Enough of my interpretation, let’s hear from the creator himself, Stephen Savage. We exchanged a brief email interview and I have his thoughts to some questions for you today. He is the fun civilian pictured between these sailors, a reference you’ll need to read the book to possibly get!
Question: What motivated you to create a wordless picture book as opposed to a traditional text + illustration book?
Stephen Savage: My editor, David Saylor, at Scholastic suggested the idea after I showed him a drawing of 3 walruses dressed in fedoras.
Q: Was there ever text or narration in your head for Where’s Walrus? or did it always perform silently?
SS: Funny that you ask! Early drafts of the book contained words, but David and I felt that they spoiled the deadpan humor in the art.
Q: Is there a specific storyline and conclusion to Where’s Walrus? that you hope the reader gets or is it a bit open-ended in your opinion?
SS: Part of what makes the book successful I think is its open-endedness. For young readers, it’s your basic seek-and-find book. But for older readers, it’s a story about self-discovery and finding your place in the world.
Q: Was it a more challenging experience to create a wordless book than your text books or is every book different, period?
SS: Walrus was my first picture book as illustrator and author. I like that my first go-round was “pictures only.” Since Walrus, I’ve written 4 books with text. Both word and wordless formats have their challenges.
Q: Is there a soundtrack that you hear for Where’s Walrus?
SS: Visual art is never an auditory experience for me….
Q: I have seen your fantastic color scripts that you do for books and it made me wonder about setting. Where’s Walrus? seems set in NYC. Did you create a map to lead Walrus and the keeper through the city or is it more favorite spots you wanted Walrus to appear, regardless of proximity to each other?
SS: I’ve lived in NYC for 25 years, so many of my books feel they’re set here. But I keep things vague and avoid specific landmarks (e.g. the Statue of Liberty) in an effort to create a universal and timeless “every-city” for the reader.
Yeah… I simply chose fun locations/situations for walrus without any regard to geography. The ordering of the scenes was key. Locations needed to transition in funny and interesting ways.
Q: Do you consider wordless picture books a better solitary experience or more exciting as a read-aloud?

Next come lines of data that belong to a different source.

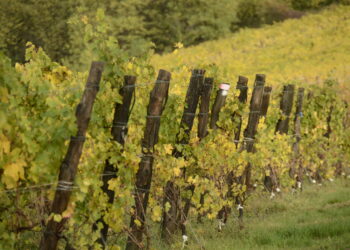 Derthona & Truffle: il 10 novembre in Piemonte si celebra l’abbinamento perfetto tra vino e tartufo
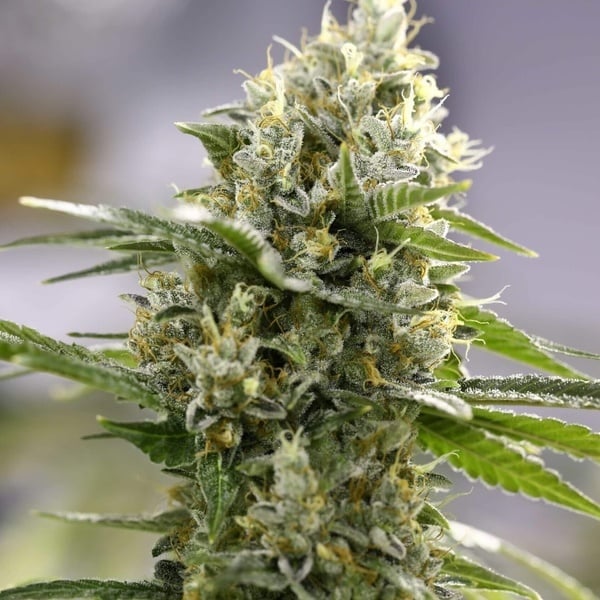 Lemon Haze Auto (Expert Seeds) feminizada
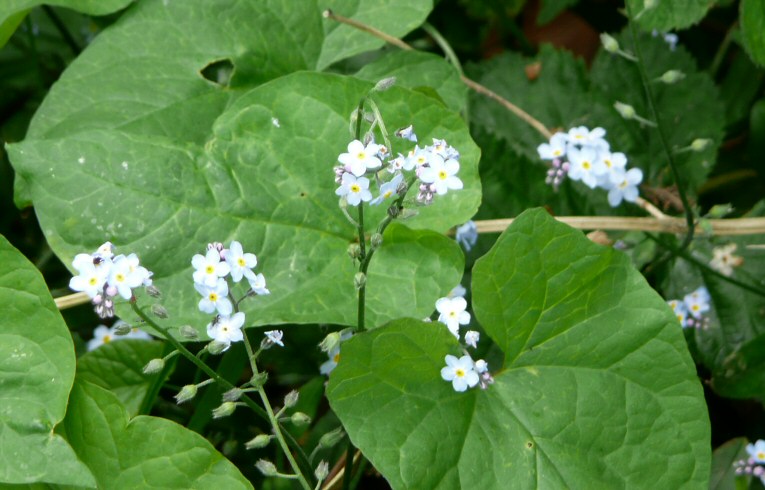 Wood Forget-me-not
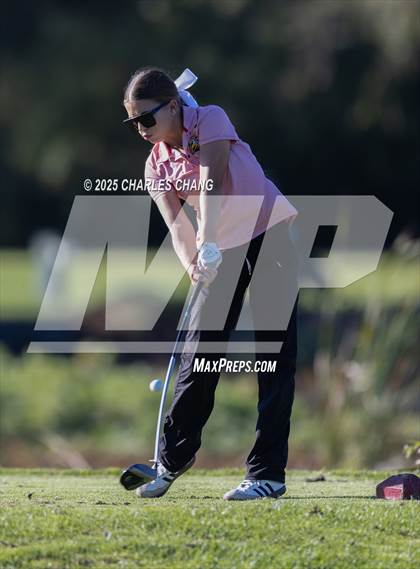 Thumbnail 1 in CIF NCS D1 Golf Championship photogallery.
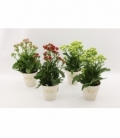 Kalanchoe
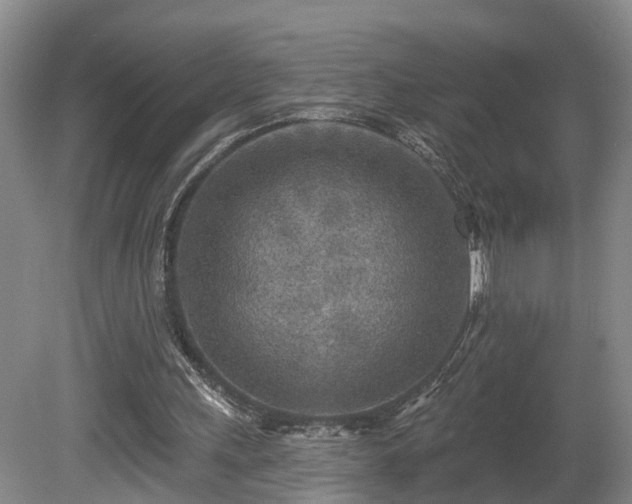 X0000081280243200701181750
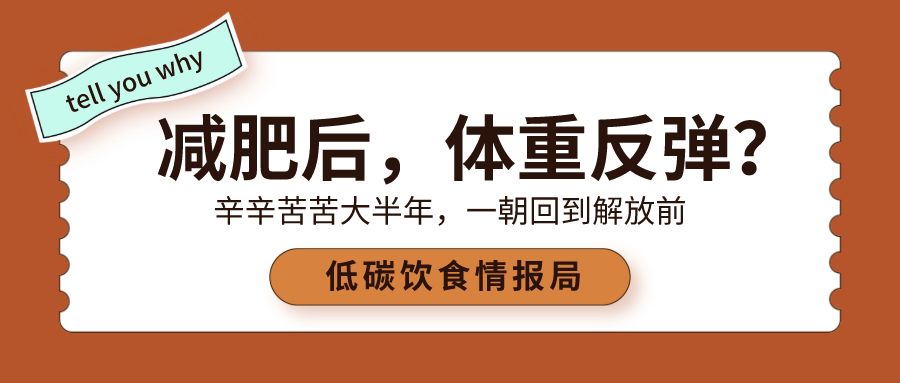 尚赫减肥不反弹的原因 尚赫减肥会不会伤害身体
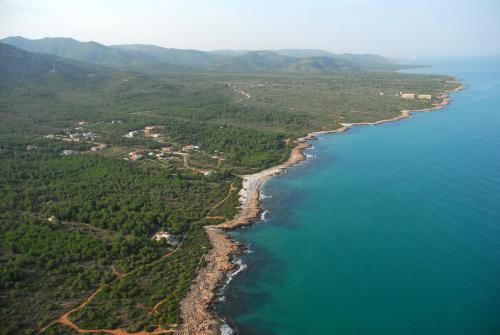 صورة الفندق 7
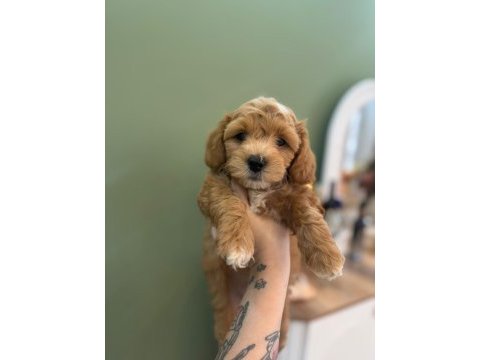 Sevimli maltipoo yavrularımız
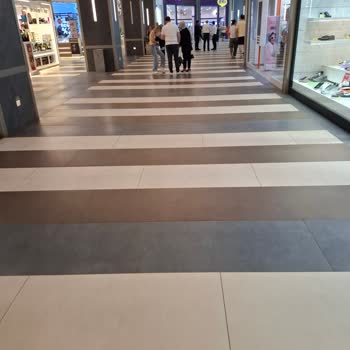 İstmarina'da Hayvanlar Nedeniyle Yaşanan Kötü Koku Ve Sağlık Sorunları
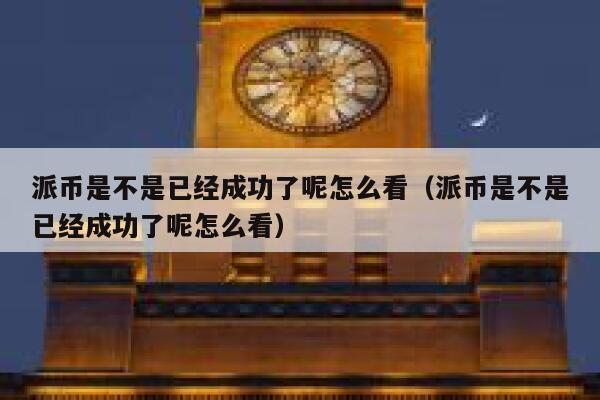 派币是不是已经成功了呢怎么看（派币是不是已经成功了呢怎么看） 第1张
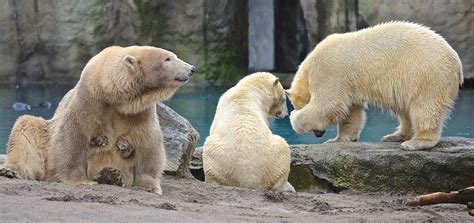 Rotterdam Zoo | Rotterdam zoo, Trip advisor, Rotterdam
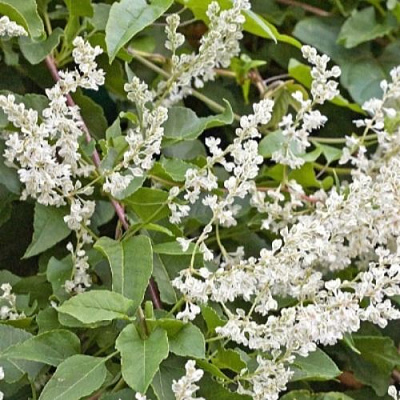 Фаллопия АУБЕРТА в Гомеле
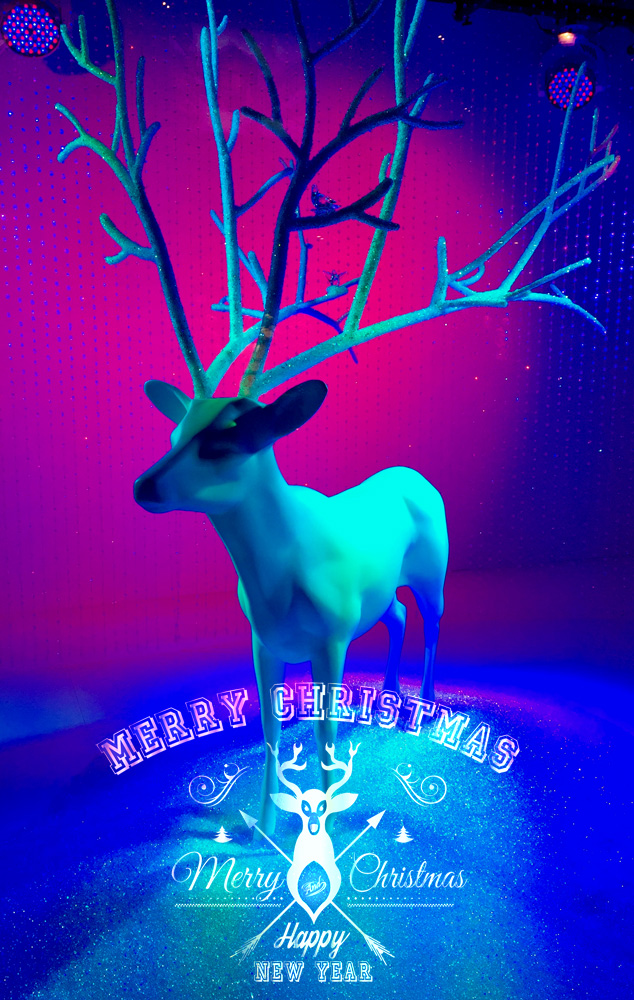 der Hochzeitsfrotgraf wünscht frohe Weihnachten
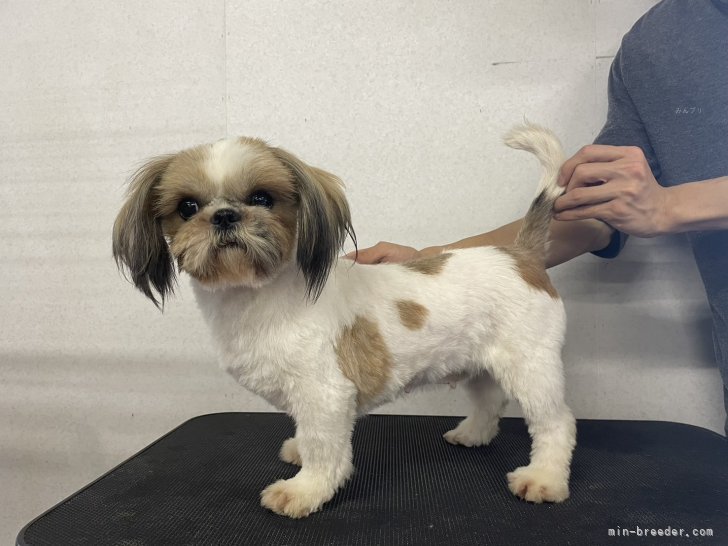 シーズー【・女の子・2022年11月17日・ホワイトアンドゴールド】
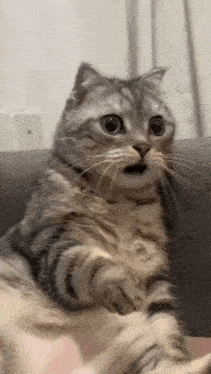 tenor.gif.5d746f04e43ce0541aac619ed03978ce.gif
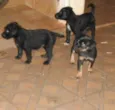 Filhotinhas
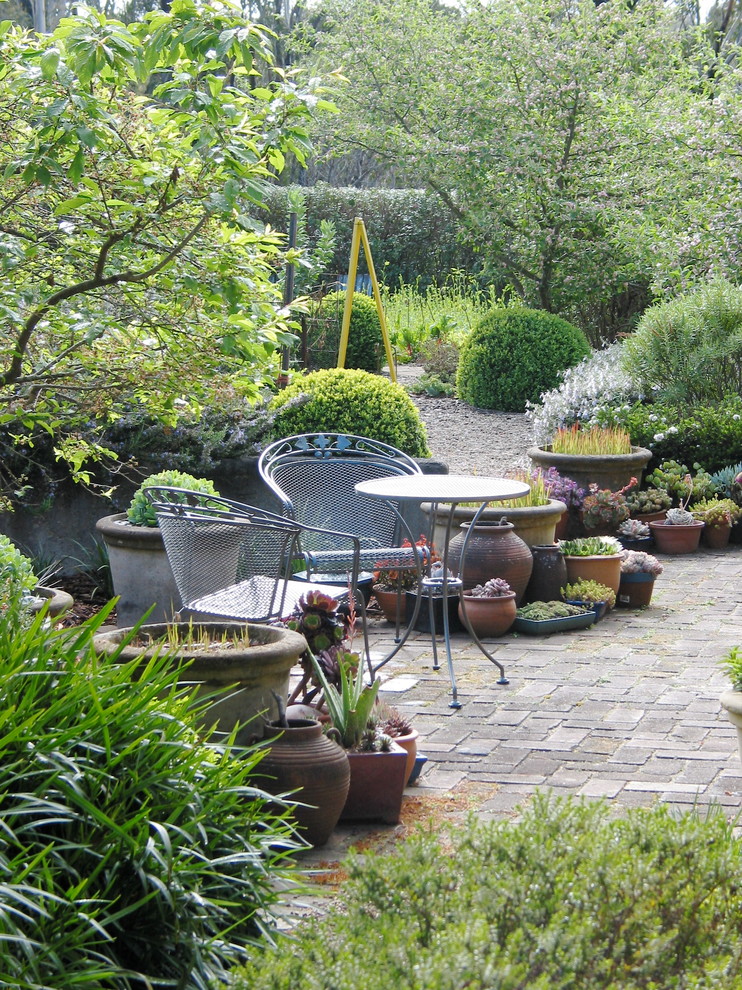 Inspiration for a traditional backyard garden in Sydney with a container garden and brick pavers.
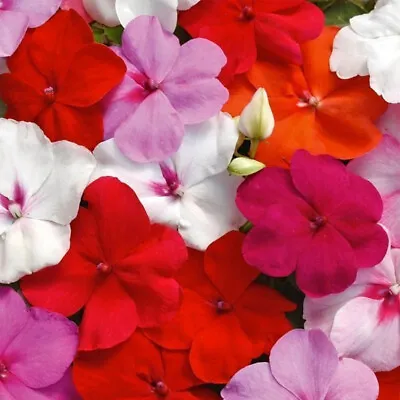 50 UK Busy Lizzie Seeds Grow Impatiens Walleriana Plants Colourful Flower Mix  • £3.89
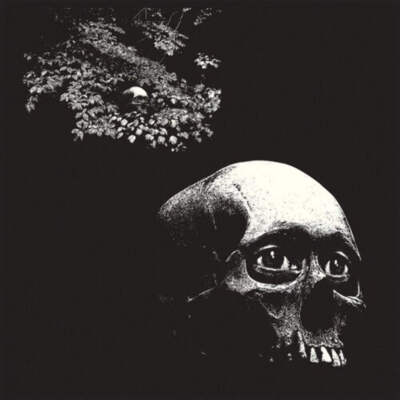 The Osees – A Foul Form (Vinyl)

SS: It works great either way.
Q: Have you ever shared Where’s Walrus? in a storytime? Do you have tips for how it or any other wordless picture books could be read aloud?
SS: Yes, l’ve read Where’s Walrus? hundreds of times with groups large and small and they’re always fun. The wordless format frees things up for both the storyteller and the audience.
Readings run the gamut. Sometimes they’re campfire sing-a-longs, football pep rallies, or improv comedy routines.
Q: Do you have any favorite picture books?
SS: I like the classics! Babar, Harold and the Purple Crayon, and the “little” books by Lois Lenski are my faves.
Q: And lastly, because you never really read a picture book alone and I adore brainstorming book groupings, do you have any books that you consider to pair well with Where’s Walrus?, wordless or not?
SS: We just released a Where’s Walrus? sequel: Where’s Walrus? And Penguin? As they say in the movies: “the adventure continues!”
Thanks to Stephen Savage for answering my questions and creating such a fun, yet surprisingly deep story. I hope you check it out friends, and also the sequel. We can’t wait to see what adventures Walrus greets with his new companion, Penguin.